### RECORD EXCERPTS

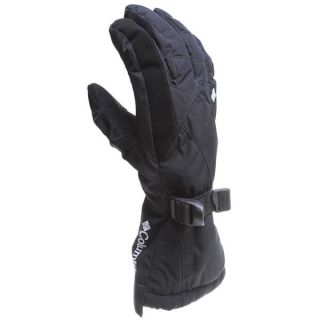 Columbia Whirlibird III Ski Gloves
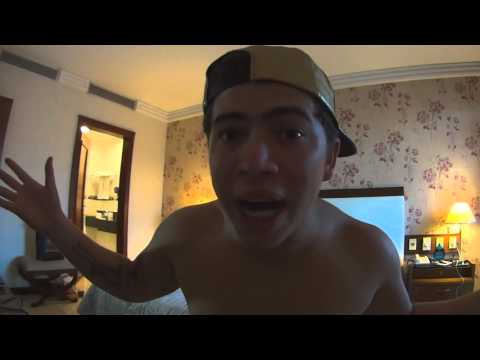 私密網絡圖 (INSTAGRAM PRIVADO)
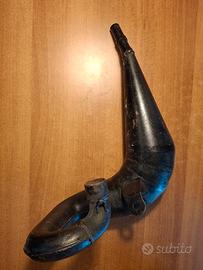 espansione per blocco derbi 50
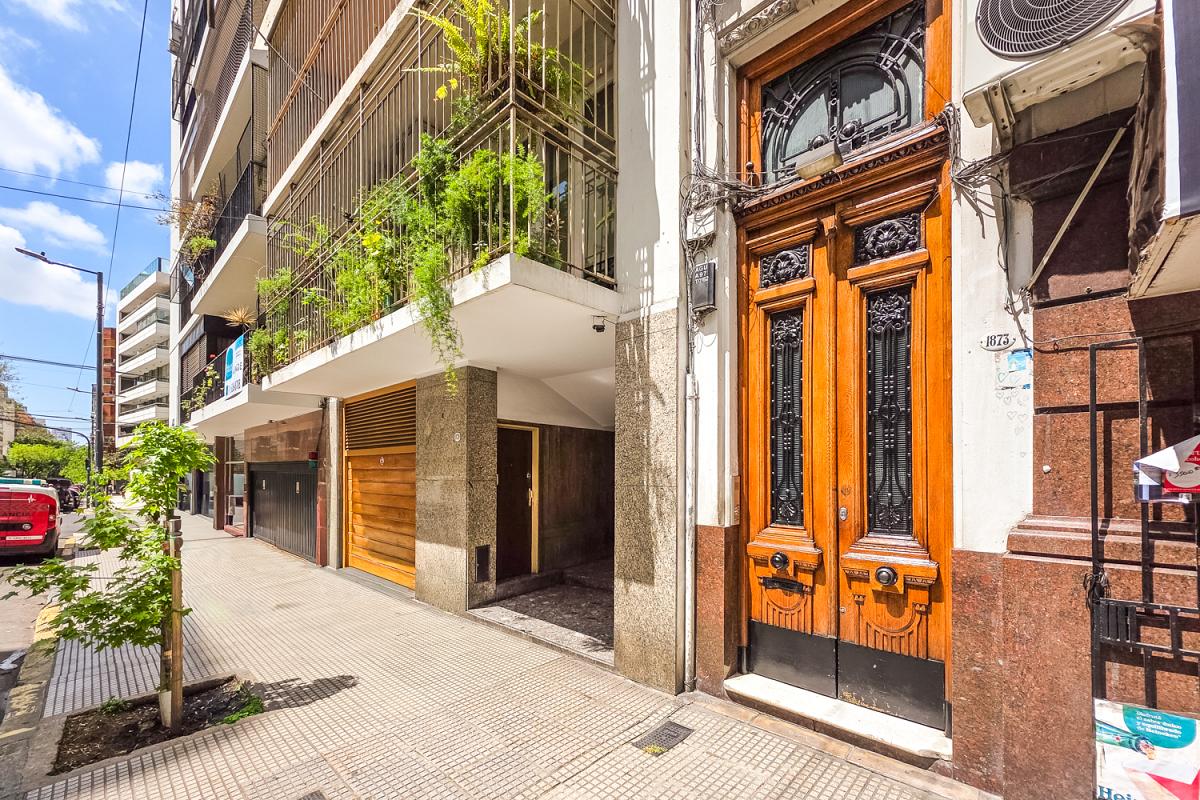 PH en venta
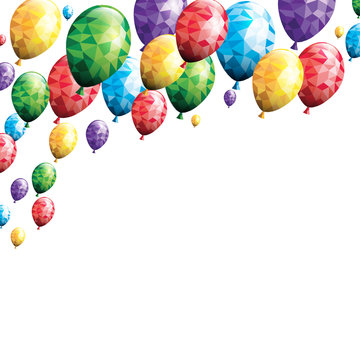 588,040 Ballons De Baudruche Royalty-Free Images, Stock Photos & Pictures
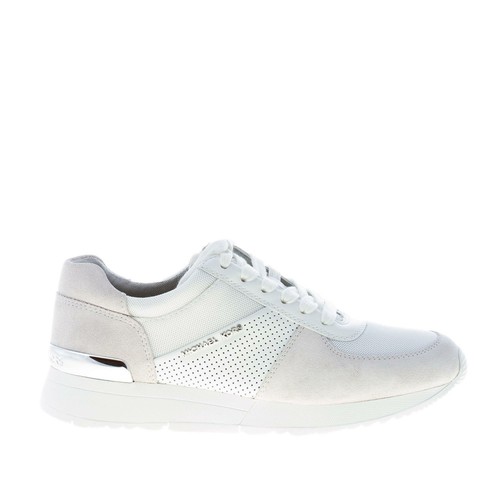 Michael kors chaussures femme - michael,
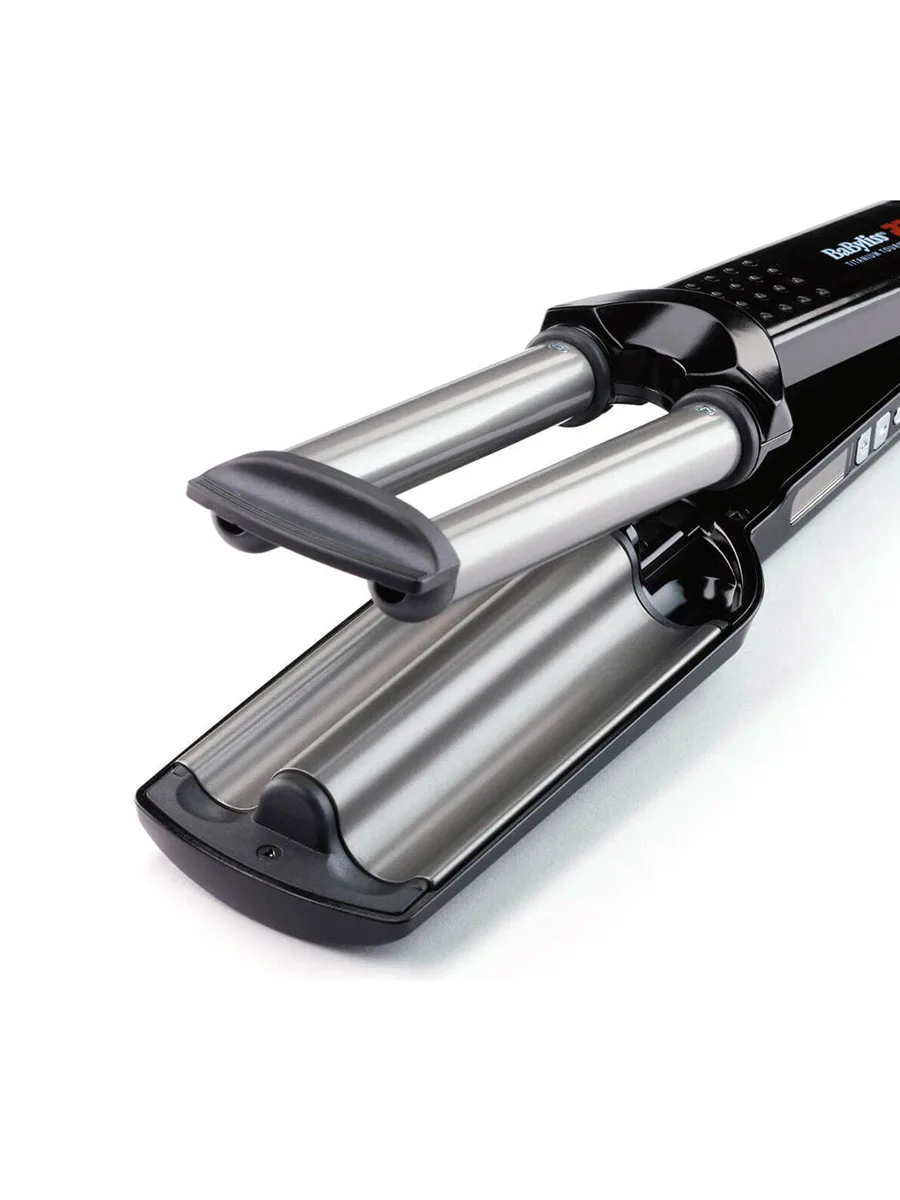 Щипцы для завивки BaByliss BAB2369TTE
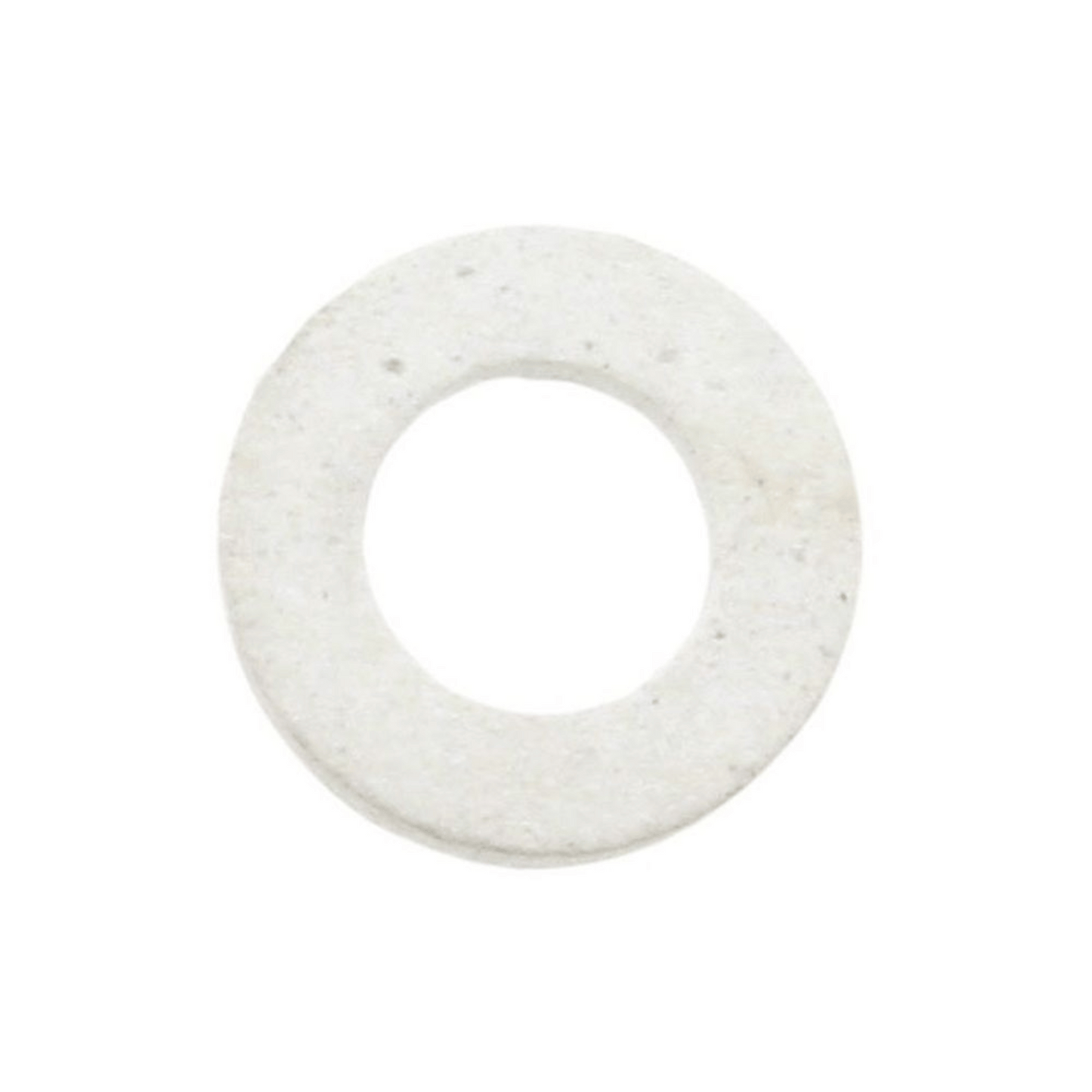 Baxi Sealing Washer - 248000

######

* EXERCISE OBJECTIVE:
Give back the entire listing verbatim, without the pictures.

* RESULT FOR THIS TASK:
 Columbia Whirlibird III Ski Gloves
 私密網絡圖 (INSTAGRAM PRIVADO)
 espansione per blocco derbi 50
 PH en venta
 588,040 Ballons De Baudruche Royalty-Free Images, Stock Photos & Pictures
 Michael kors chaussures femme - michael,
 Щипцы для завивки BaByliss BAB2369TTE
 Baxi Sealing Washer - 248000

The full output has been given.